* WHAT IS EXPECTED:
All that is wanted is the exact lines from the one with "کتاب زندگی هدفمند اثر جان سی مکسوِل انتشارات معیار اندیشه کتاب" through the last line of the entries, with both ends kept and every picture left out.

* INFORMATION:
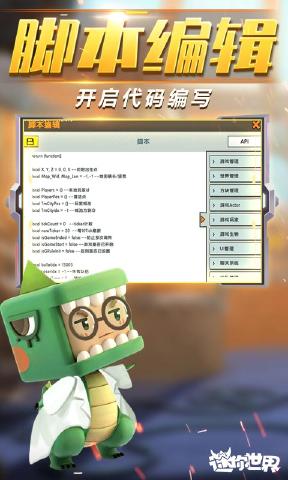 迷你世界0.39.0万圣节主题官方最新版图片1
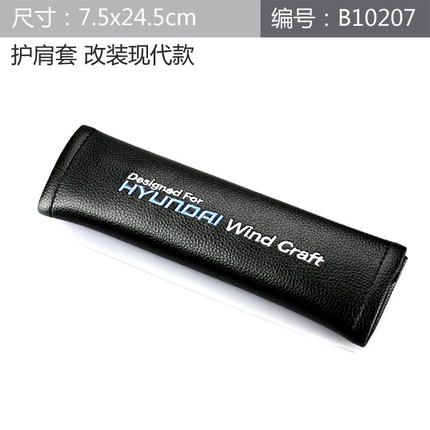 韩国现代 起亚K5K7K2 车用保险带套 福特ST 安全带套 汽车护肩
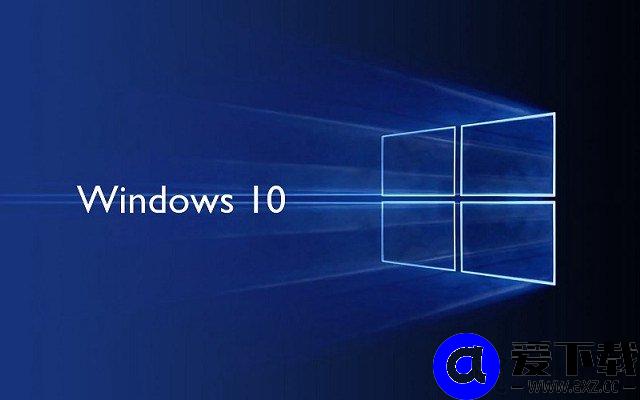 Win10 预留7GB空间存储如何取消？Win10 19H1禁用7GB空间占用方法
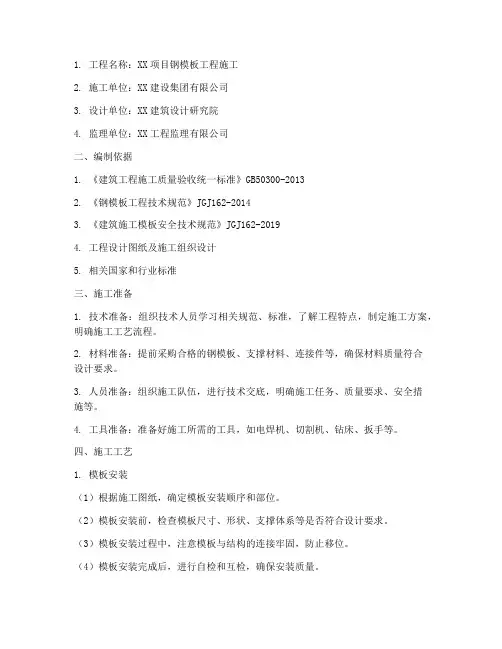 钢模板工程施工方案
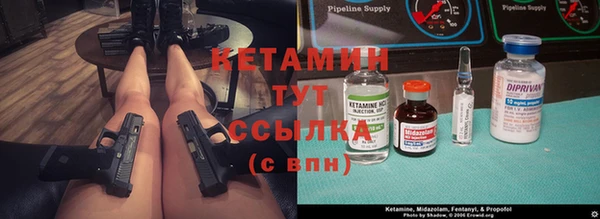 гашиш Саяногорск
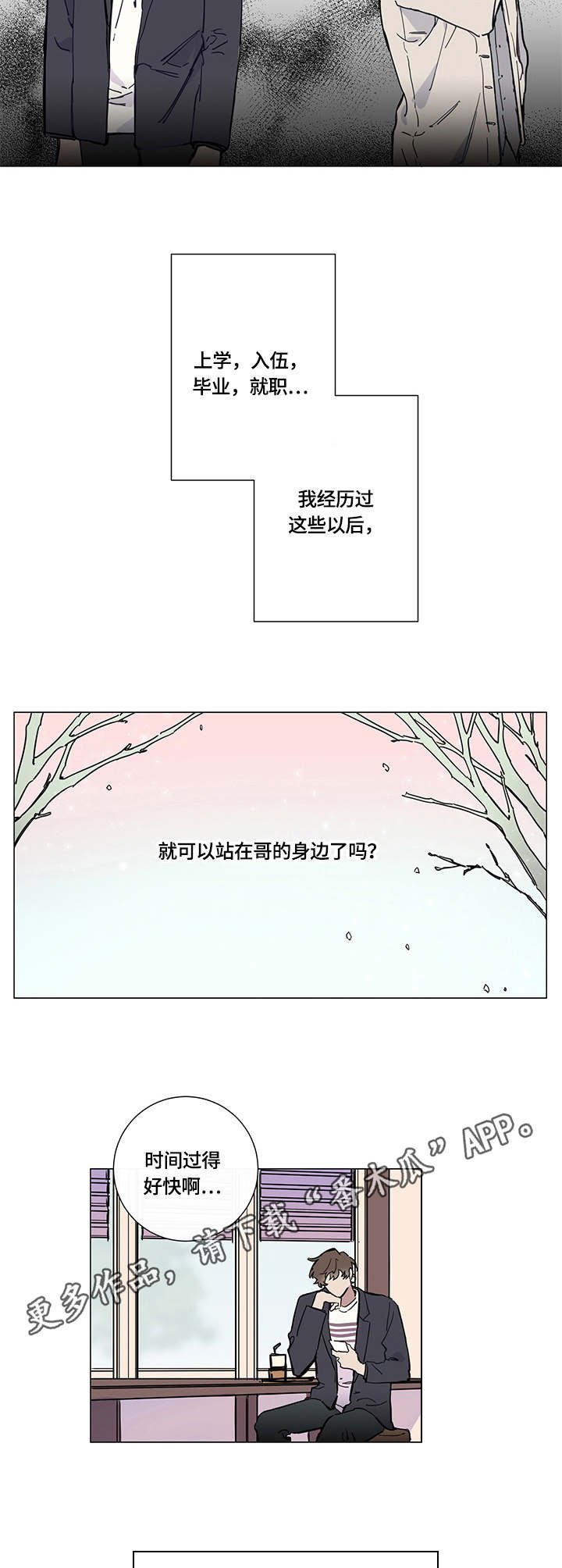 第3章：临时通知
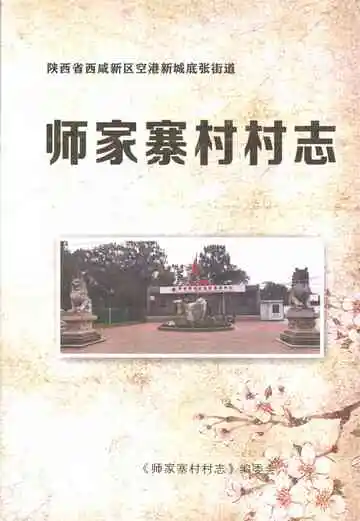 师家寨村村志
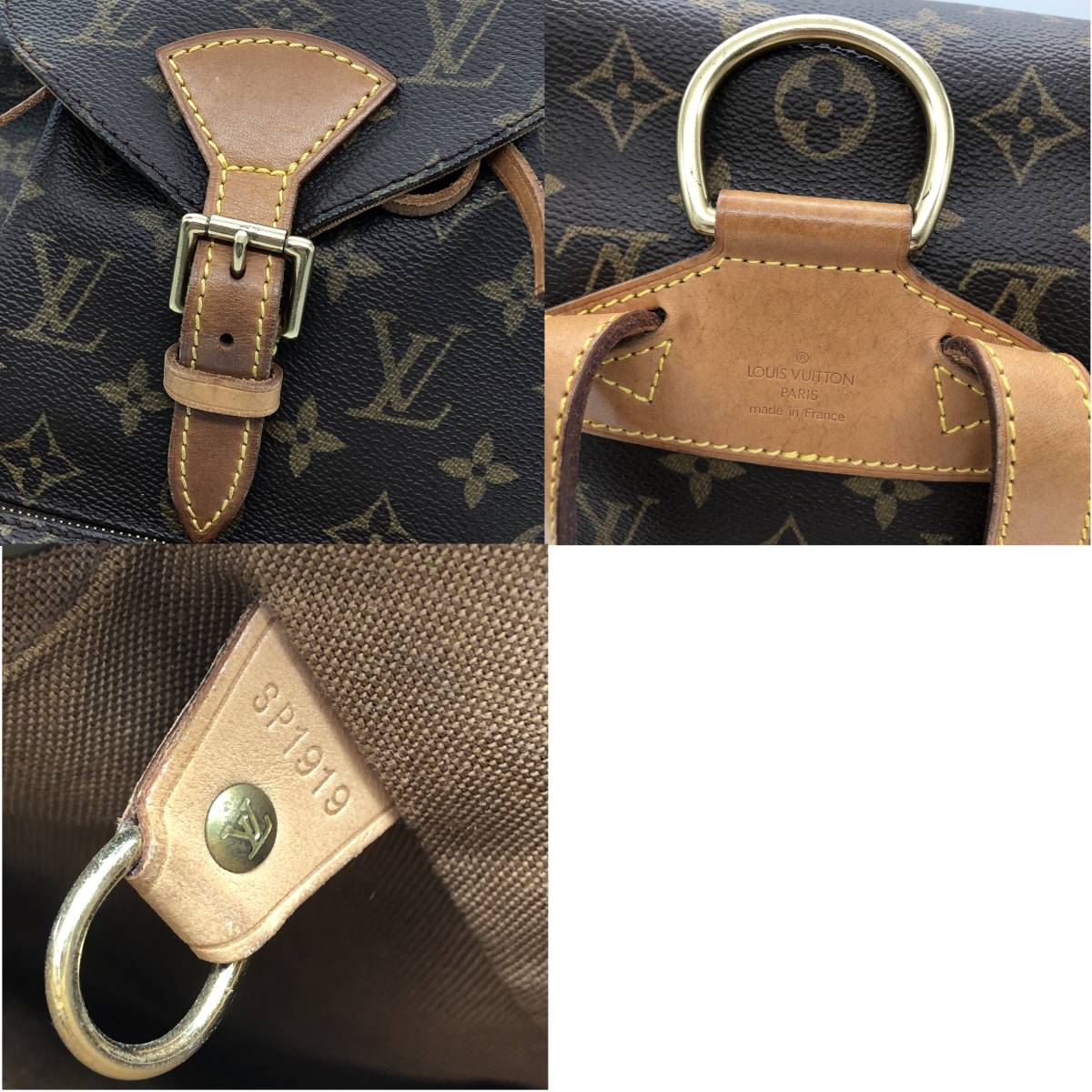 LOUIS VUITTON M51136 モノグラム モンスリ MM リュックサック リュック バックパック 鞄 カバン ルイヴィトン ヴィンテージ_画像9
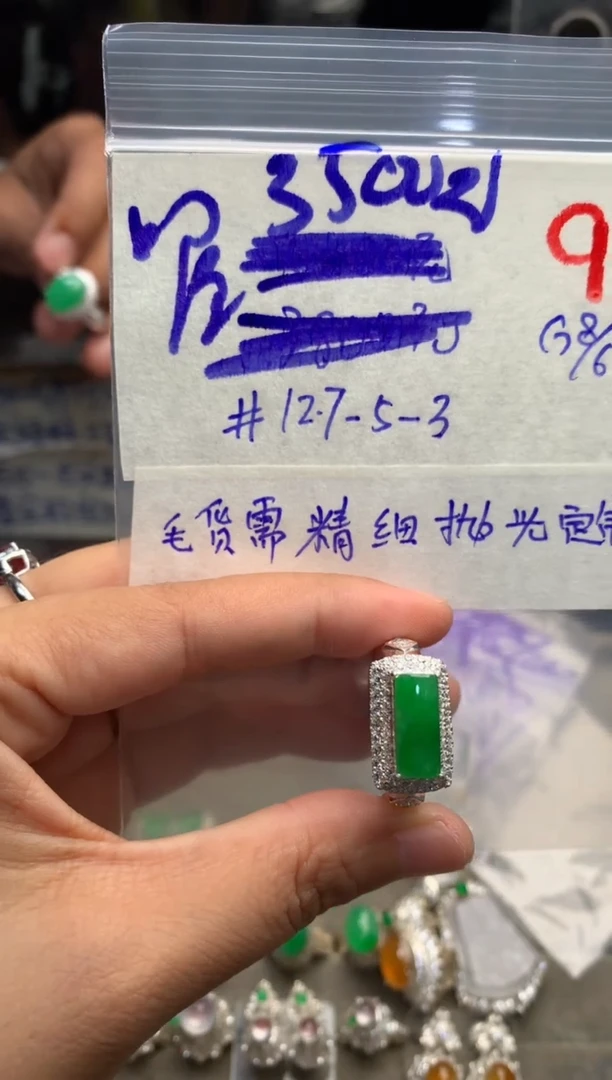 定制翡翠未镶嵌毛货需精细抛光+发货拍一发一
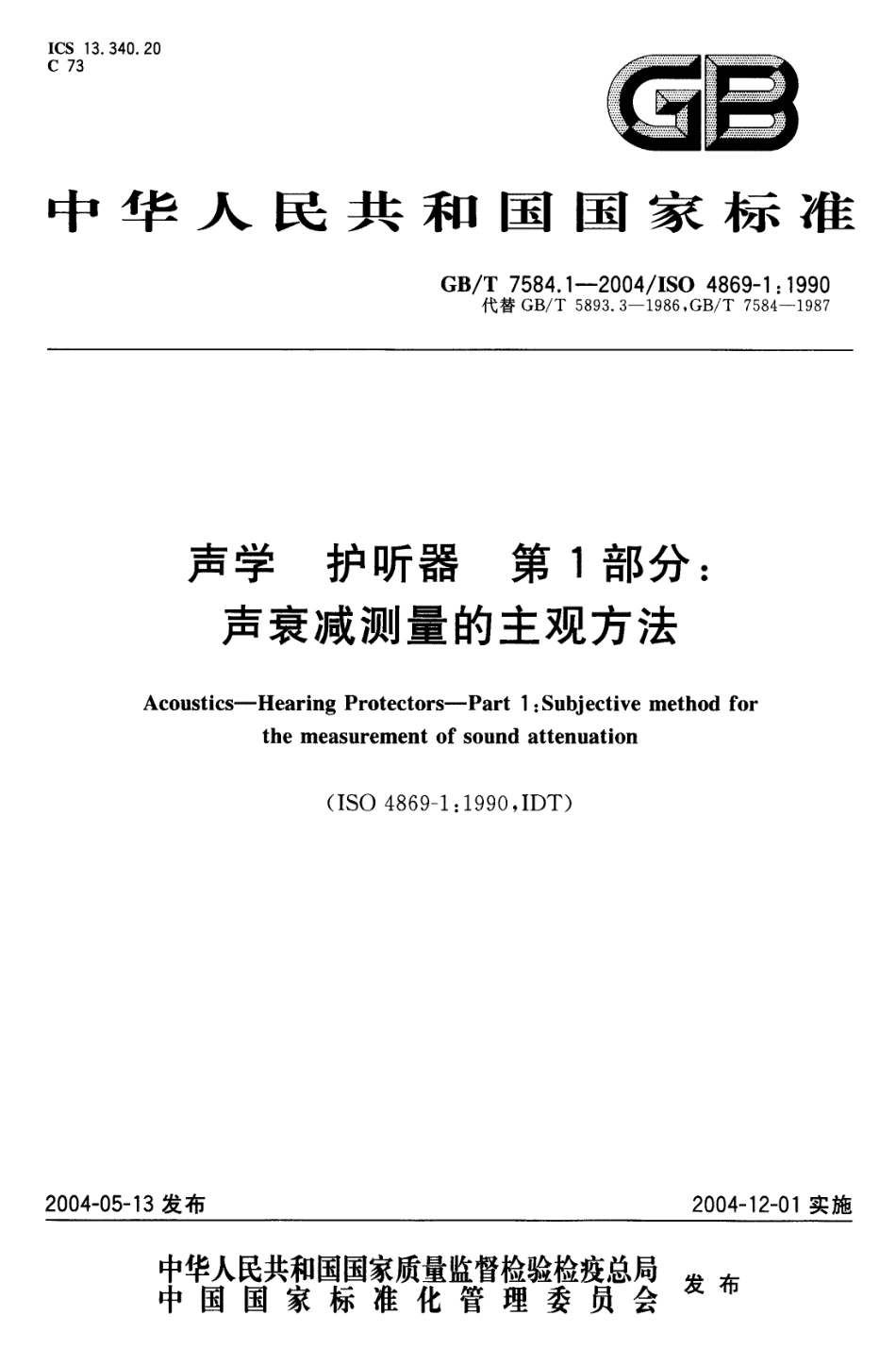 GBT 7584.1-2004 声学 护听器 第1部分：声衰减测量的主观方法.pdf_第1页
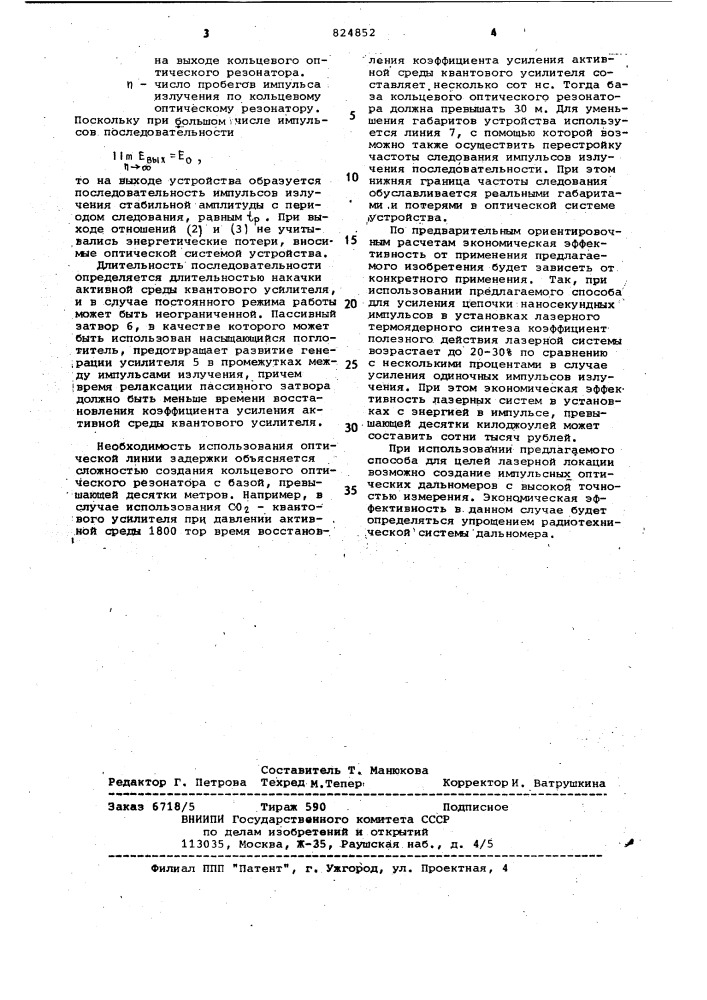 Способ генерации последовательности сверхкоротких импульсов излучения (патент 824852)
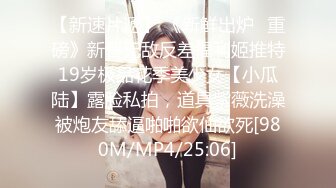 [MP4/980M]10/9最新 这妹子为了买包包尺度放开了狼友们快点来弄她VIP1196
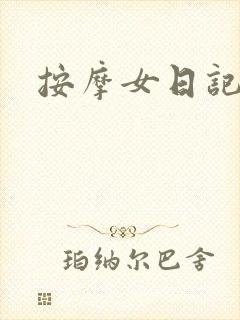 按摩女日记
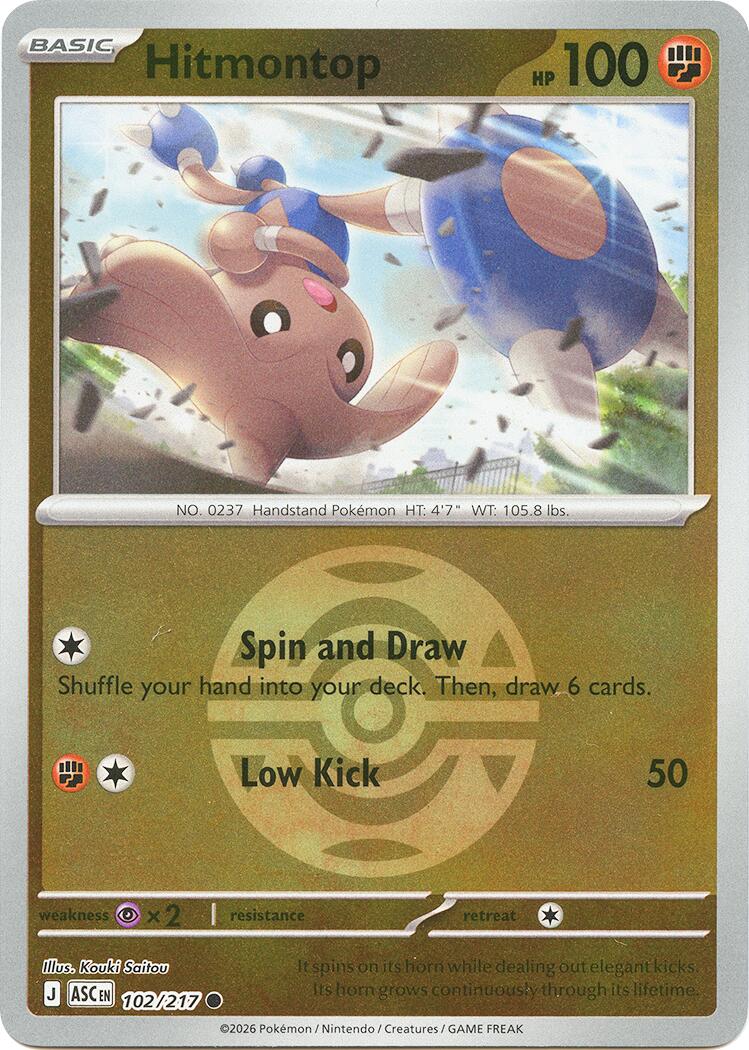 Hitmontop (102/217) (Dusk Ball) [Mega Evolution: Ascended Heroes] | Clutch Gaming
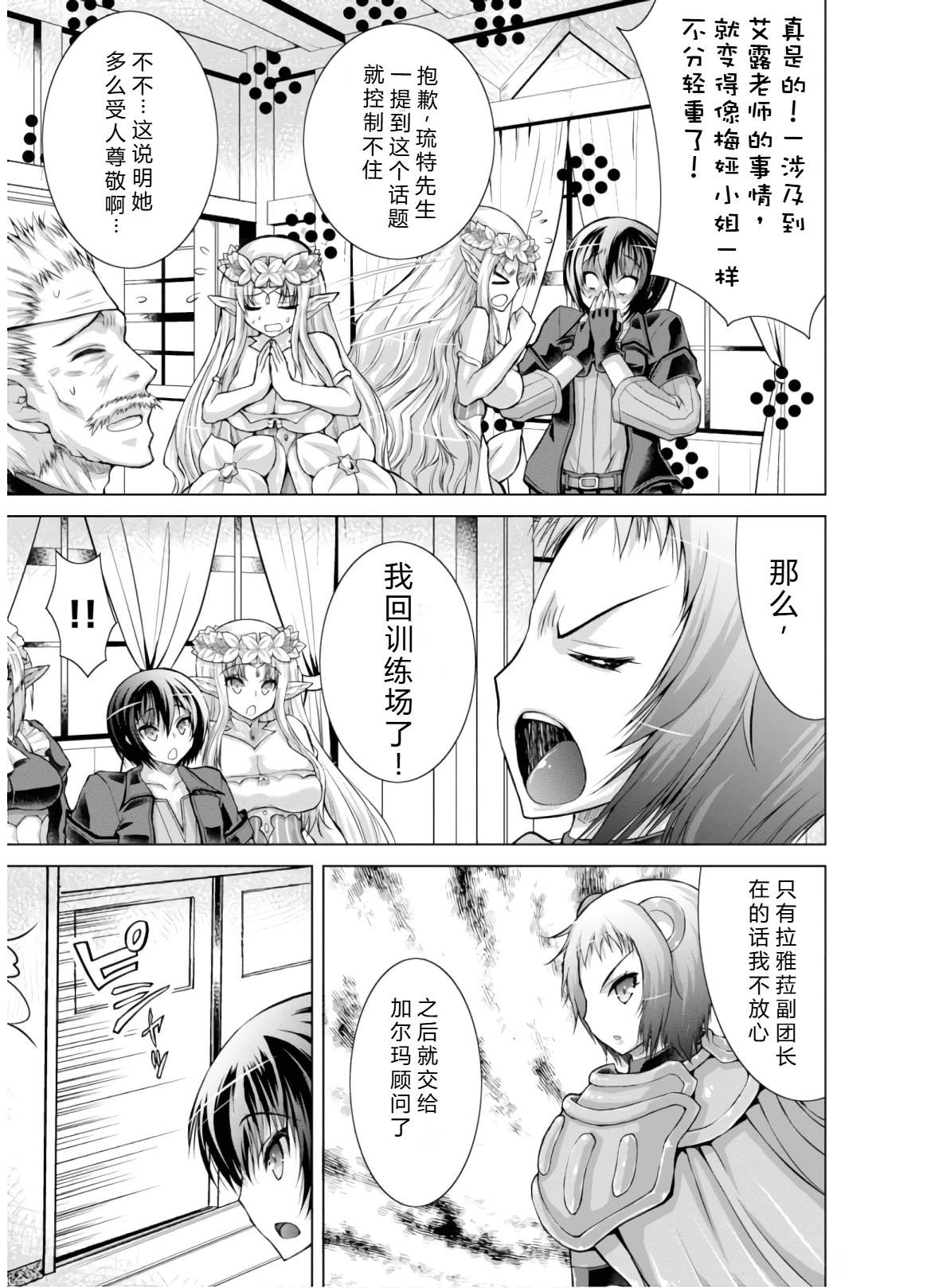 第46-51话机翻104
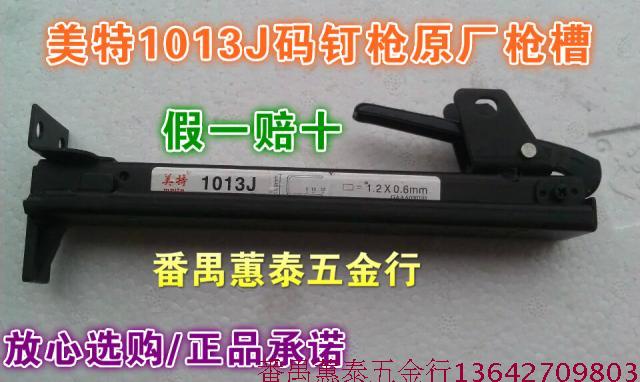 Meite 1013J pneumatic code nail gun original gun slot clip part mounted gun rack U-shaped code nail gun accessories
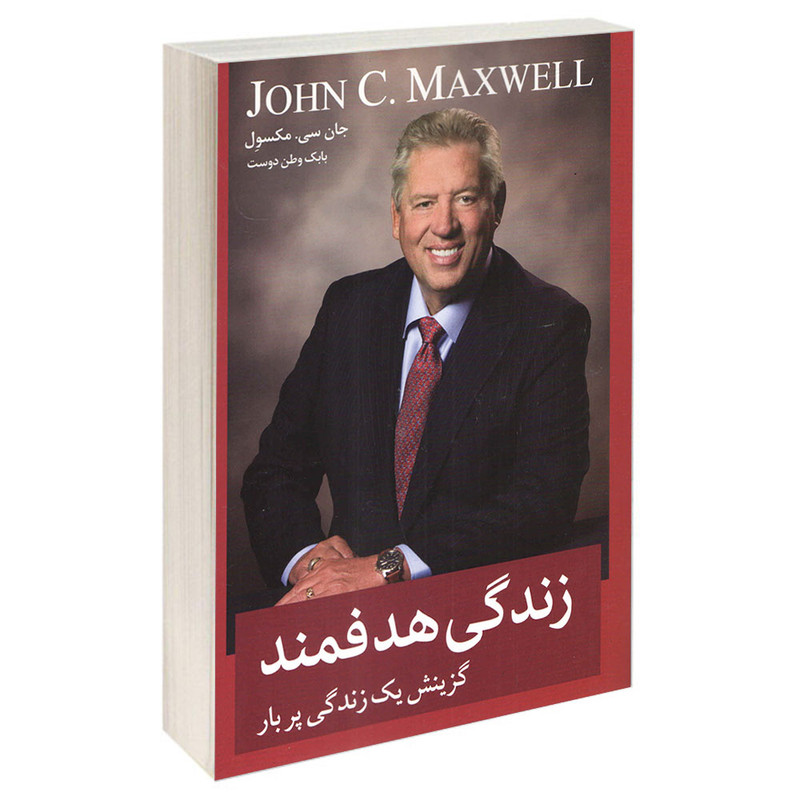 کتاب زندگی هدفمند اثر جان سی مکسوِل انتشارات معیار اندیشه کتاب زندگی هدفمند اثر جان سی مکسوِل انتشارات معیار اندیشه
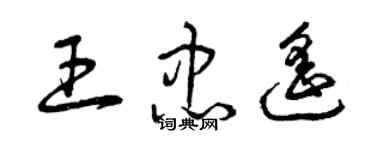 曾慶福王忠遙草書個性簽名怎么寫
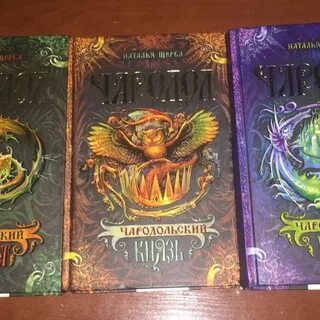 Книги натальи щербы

* ANSWER TO THIS TASK:
 کتاب زندگی هدفمند اثر جان سی مکسوِل انتشارات معیار اندیشه کتاب زندگی هدفمند اثر جان سی مکسوِل انتشارات معیار اندیشه
 曾慶福王忠遙草書個性簽名怎么寫
 Книги натальи щербы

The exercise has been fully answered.